Repeat the records in full and exactly, omitting pictures.

[Web page caption snippets]
● ● ● ● ● ● ●
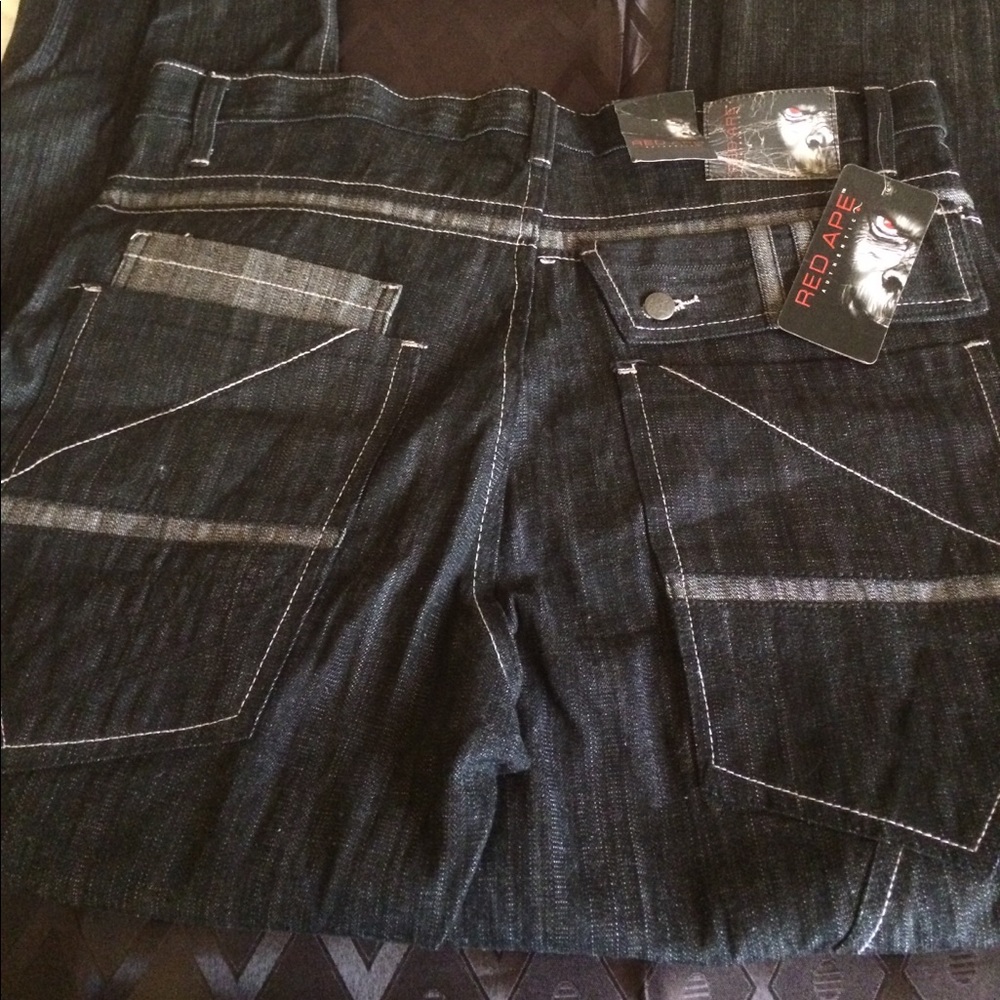 Red Ape Jeans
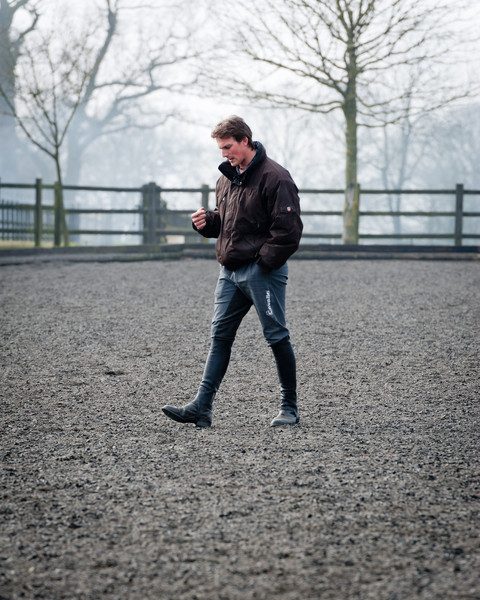 Michael Eilberg - Dressage Rider Hall of Fame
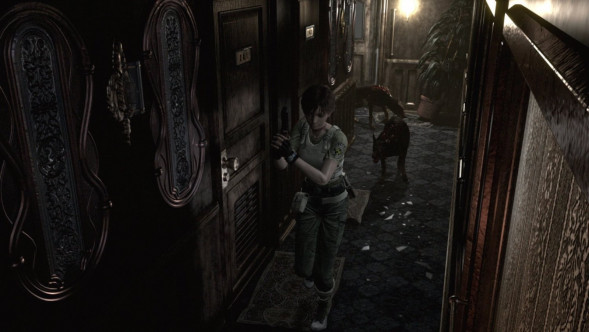 Игра Resident Evil: Origins Collection [PS4, английская версия] в Белгороде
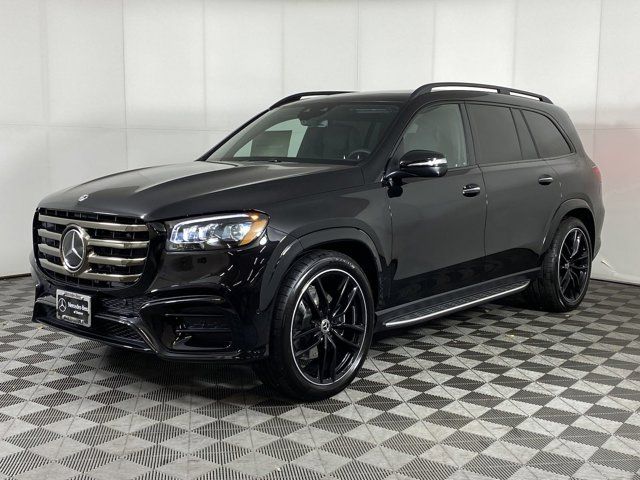 2025 Mercedes-Benz GLS 580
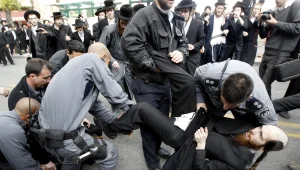 קמב"ץ העדה החרדית: "מה זה החוק הישראלי? יש לנו מספיק חוקים"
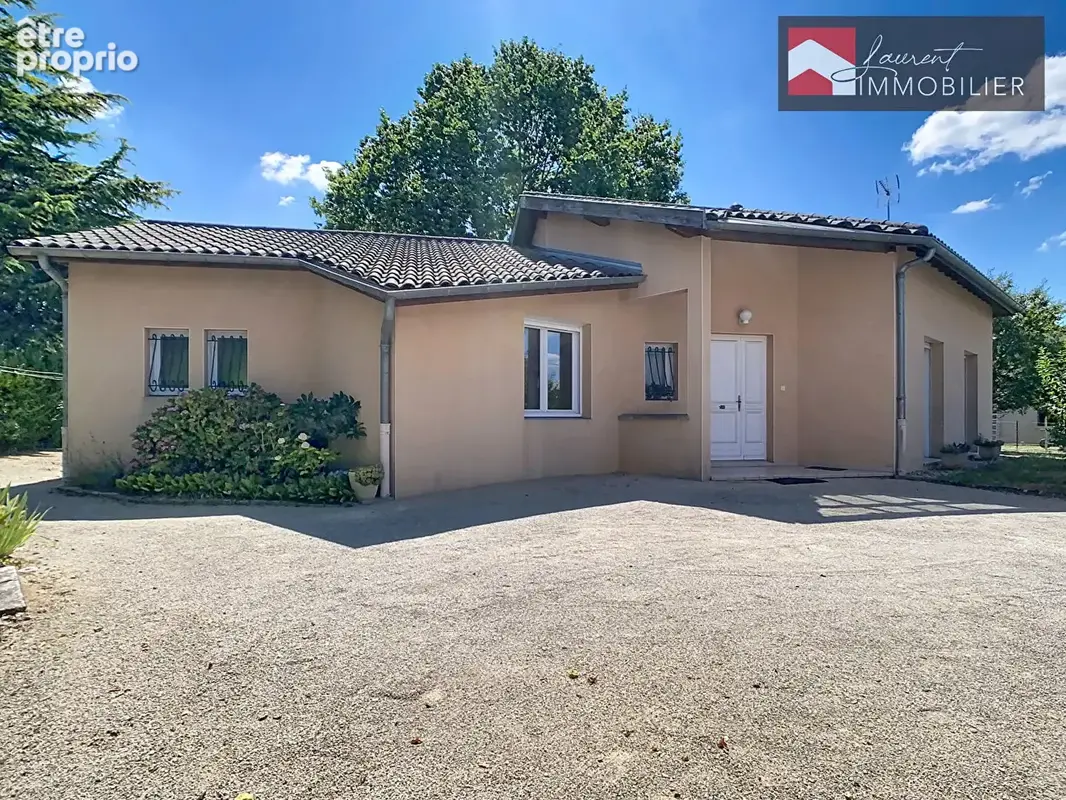 Maison à SIMANDRE
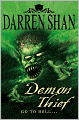 Demon Thief (Demonata Series #2)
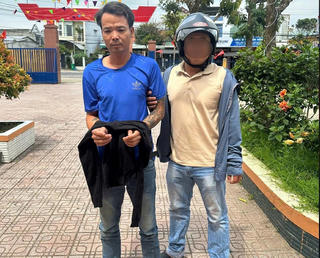 Đà Nẵng: Bắt giữ đối tượng truy nã nguy hiểm lẩn trốn 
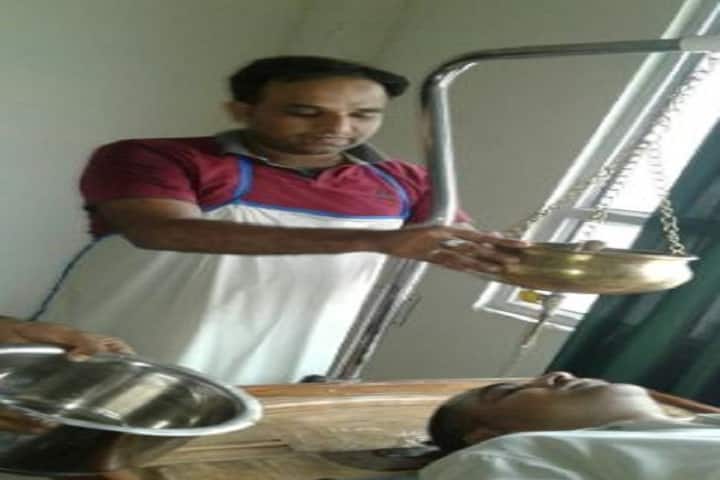 Shree Satya Ayurvedic Medical College and Hospital campus in Moradabad, Uttar Pradesh, India — photo 6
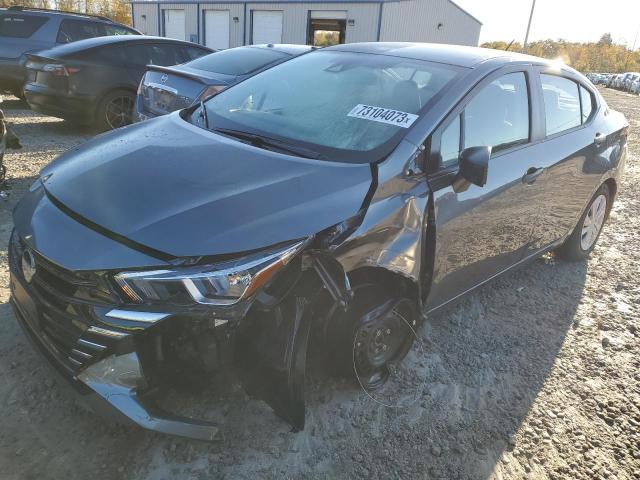 Image 1 of 2023 NISSAN VERSA S 2023 with VIN 3N1CN8DV7PL850405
● ● ● ● ● ● ●
■ **Result of the task**
 Red Ape Jeans
 Michael Eilberg - Dressage Rider Hall of Fame
 Игра Resident Evil: Origins Collection [PS4, английская версия] в Белгороде
 2025 Mercedes-Benz GLS 580
 קמב"ץ העדה החרדית: "מה זה החוק הישראלי? יש לנו מספיק חוקים"
 Maison à SIMANDRE
 Demon Thief (Demonata Series #2)
 Đà Nẵng: Bắt giữ đối tượng truy nã nguy hiểm lẩn trốn 
 Shree Satya Ayurvedic Medical College and Hospital campus in Moradabad, Uttar Pradesh, India — photo 6
 Image 1 of 2023 NISSAN VERSA S 2023 with VIN 3N1CN8DV7PL850405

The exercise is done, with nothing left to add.